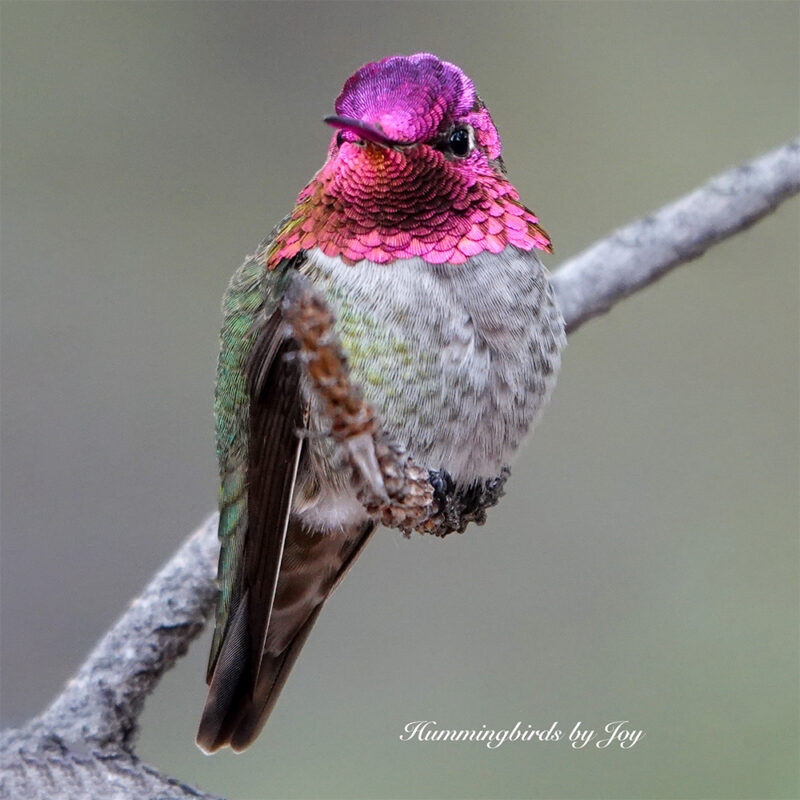 About Sedona Hummingbirds Sedona Hummingbird Festival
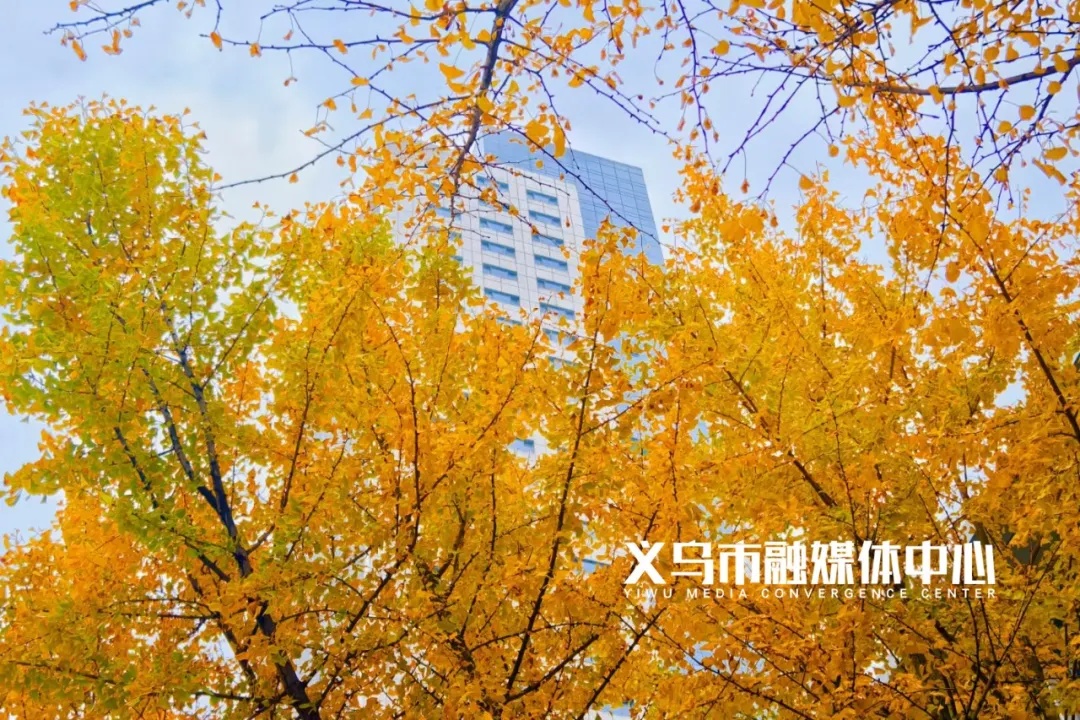 跌至0℃！义乌入冬最新消息来了！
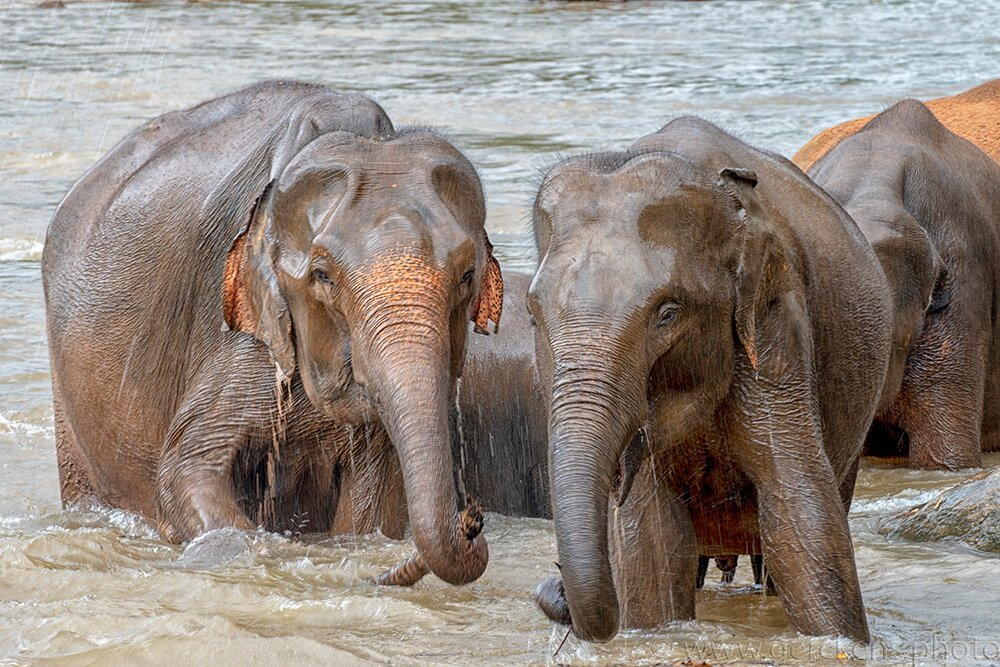 Pearl Of Sri Lanka Travel景点图片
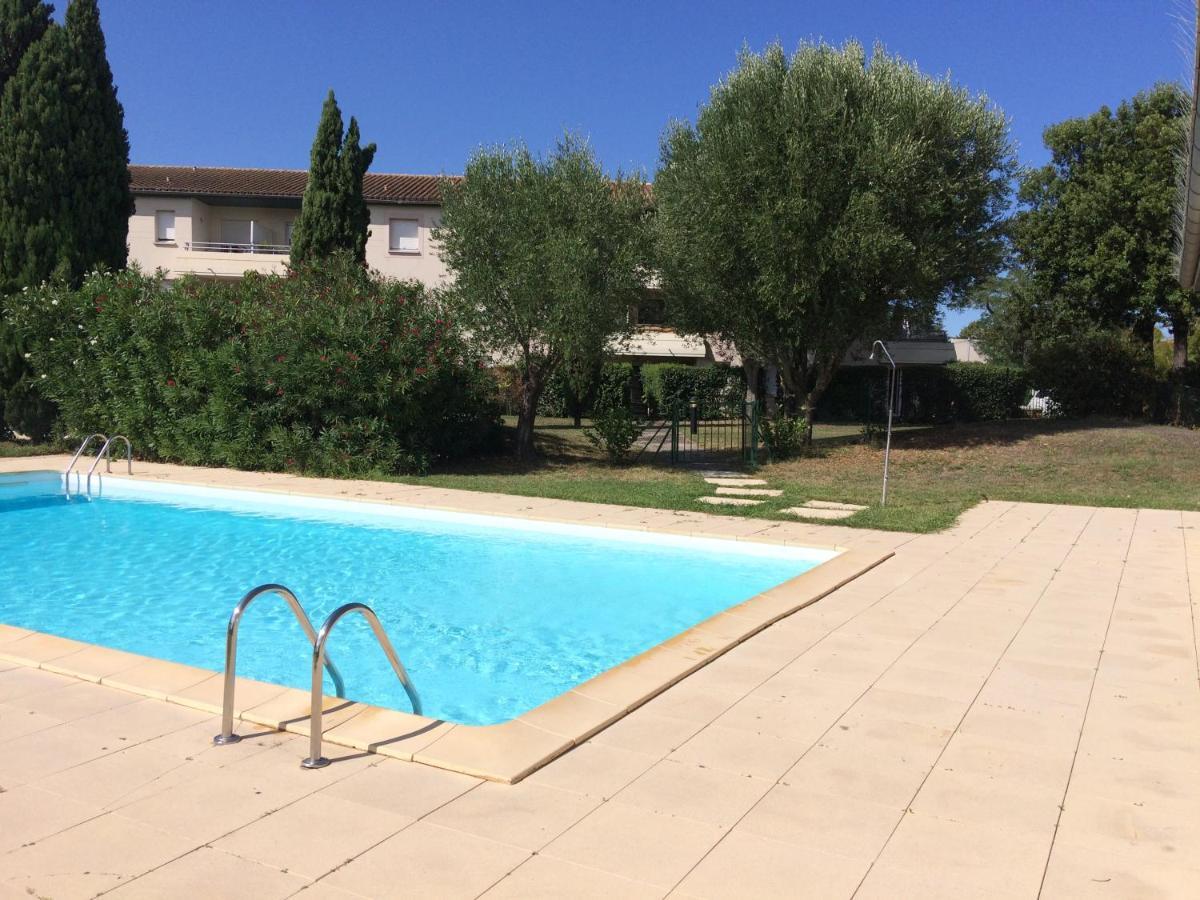 Studio Santa Monica - Climatise - Piscine - Parking Toulouse Eksteriør billede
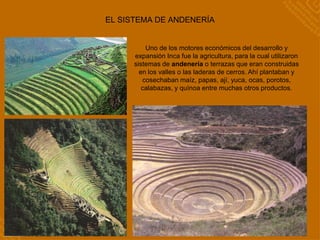 Ppt Los Incas, Los andes centrales y la cultura Inca | PDF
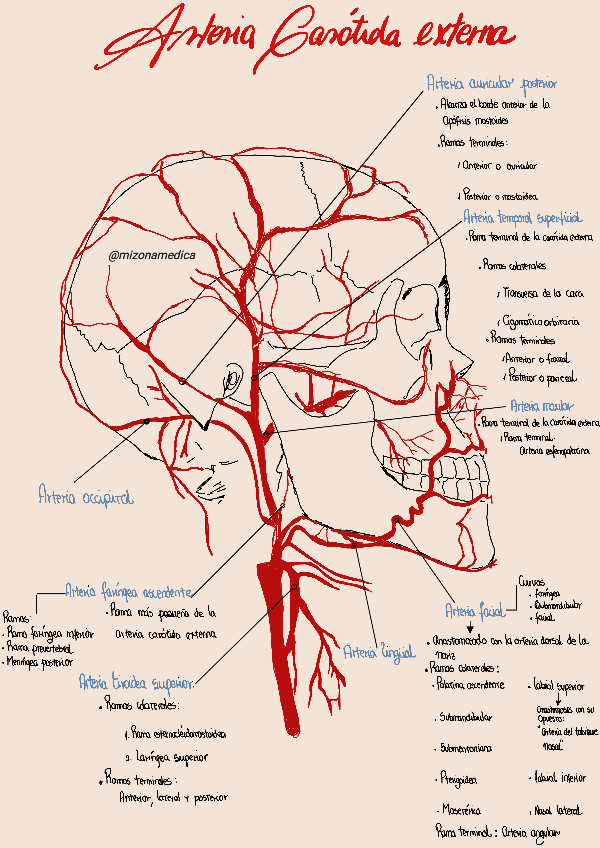 Miniatura del documento ARTERIA-CAROTIDA-EXTERNA-ARTERIA-LINGUAL.pdf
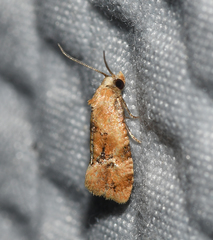 Cochylis bucera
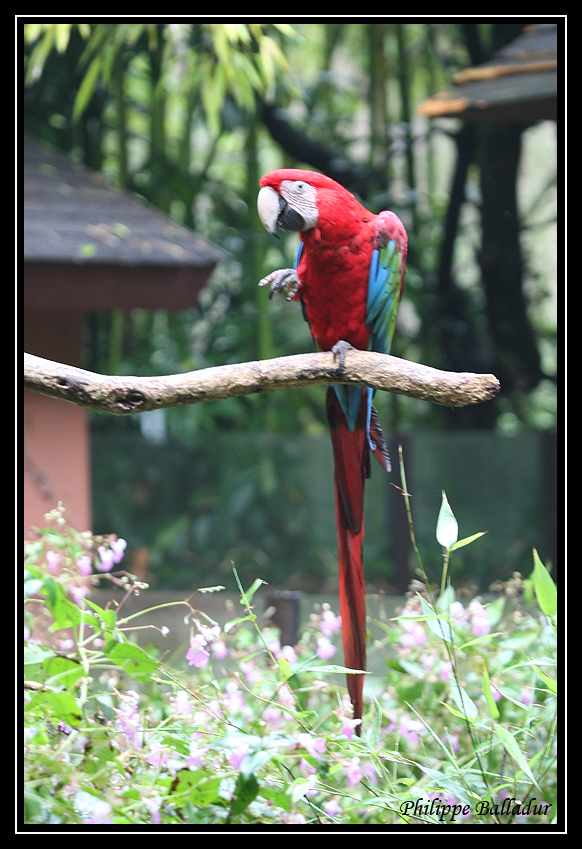 Allons-y pour un Perroquet rouge... Parc_Doue_Fontaine_023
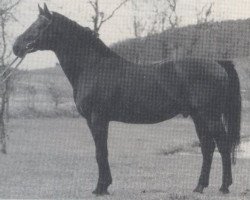 Deckhengst Dragon (Hannoveraner, 1975, von Drachenfels)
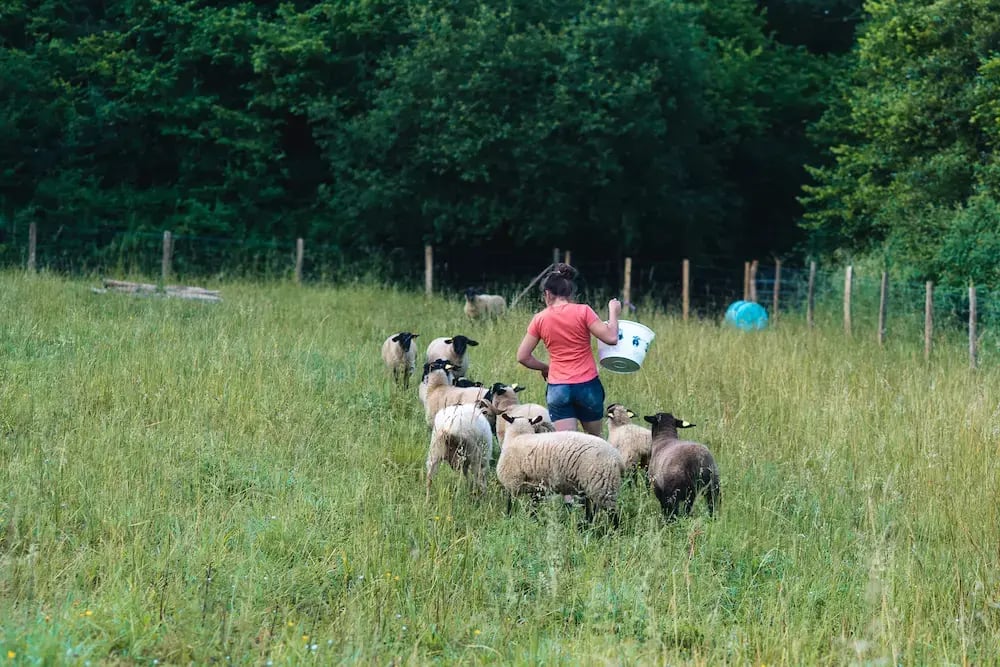 brebis et agri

____

No pictures belong in the copy; output every record exactly.

 About Sedona Hummingbirds Sedona Hummingbird Festival
 跌至0℃！义乌入冬最新消息来了！
 Pearl Of Sri Lanka Travel景点图片
 Studio Santa Monica - Climatise - Piscine - Parking Toulouse Eksteriør billede
 Ppt Los Incas, Los andes centrales y la cultura Inca | PDF
 Miniatura del documento ARTERIA-CAROTIDA-EXTERNA-ARTERIA-LINGUAL.pdf
 Cochylis bucera
 Allons-y pour un Perroquet rouge... Parc_Doue_Fontaine_023
 Deckhengst Dragon (Hannoveraner, 1975, von Drachenfels)
 brebis et agri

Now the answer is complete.